In order for an athlete to play FAST the player must function at level 4 in the Hierarchy of Learning in Skill Acquisition. This applies to the athlete’s individual sport skills level and their individual tactical and group skills mastery both in knowledge and execution. A Hockey Player can only play FAST when he/she actually has the individual sport skills mastered as well as the individual and group tactical knowledge and skills mastered to compete and play FAST.

Hierarchy of Learning & Acquiring Skills:

  1. Unskilled, Unconscious
  2. Unskilled, Conscious
  3. Skilled, Conscious
  4. Skilled, Unconscious

The Think Less Play Faster coaching philosophy stays away from the teaching and coaching of hockey systems.
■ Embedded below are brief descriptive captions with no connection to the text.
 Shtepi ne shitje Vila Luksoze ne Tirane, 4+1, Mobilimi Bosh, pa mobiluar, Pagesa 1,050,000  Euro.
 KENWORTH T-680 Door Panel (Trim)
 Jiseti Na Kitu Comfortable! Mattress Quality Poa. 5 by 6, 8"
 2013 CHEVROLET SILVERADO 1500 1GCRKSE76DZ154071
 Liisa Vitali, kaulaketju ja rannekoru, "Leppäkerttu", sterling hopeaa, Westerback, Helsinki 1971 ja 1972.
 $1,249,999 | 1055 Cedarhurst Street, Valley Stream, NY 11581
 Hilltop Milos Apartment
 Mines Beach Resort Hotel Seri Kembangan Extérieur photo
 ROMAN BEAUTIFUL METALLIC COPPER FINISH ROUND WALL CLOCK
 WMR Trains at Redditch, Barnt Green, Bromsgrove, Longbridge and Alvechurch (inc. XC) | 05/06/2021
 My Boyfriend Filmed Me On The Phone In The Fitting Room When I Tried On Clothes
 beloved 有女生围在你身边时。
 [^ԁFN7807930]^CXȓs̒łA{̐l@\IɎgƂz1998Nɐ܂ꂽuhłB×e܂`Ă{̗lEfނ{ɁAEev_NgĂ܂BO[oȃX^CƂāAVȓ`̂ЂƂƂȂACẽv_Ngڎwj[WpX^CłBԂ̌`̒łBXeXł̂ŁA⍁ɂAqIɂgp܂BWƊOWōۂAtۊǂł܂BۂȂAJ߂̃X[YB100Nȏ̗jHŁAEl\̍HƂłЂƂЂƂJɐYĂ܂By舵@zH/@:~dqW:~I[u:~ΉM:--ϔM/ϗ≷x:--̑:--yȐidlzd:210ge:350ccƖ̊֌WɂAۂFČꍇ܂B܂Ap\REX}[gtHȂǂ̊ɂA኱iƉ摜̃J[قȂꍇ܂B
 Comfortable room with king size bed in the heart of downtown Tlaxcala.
For players to develop to their potential they must master 3 key areas of their game:

  • Individual Hockey Skills,
  • Individual Hockey Tactical Skills and Knowledge,
  • Group Tactical Skills and Knowledge.

It will take time for coaches, parents and players to catch on to the importance of teaching and coaching hockey players on playing FAST.  Youth hockey must teach and coach our young players on how to play fast for the best opportunity for them to develop and play at the next level they aspire to play.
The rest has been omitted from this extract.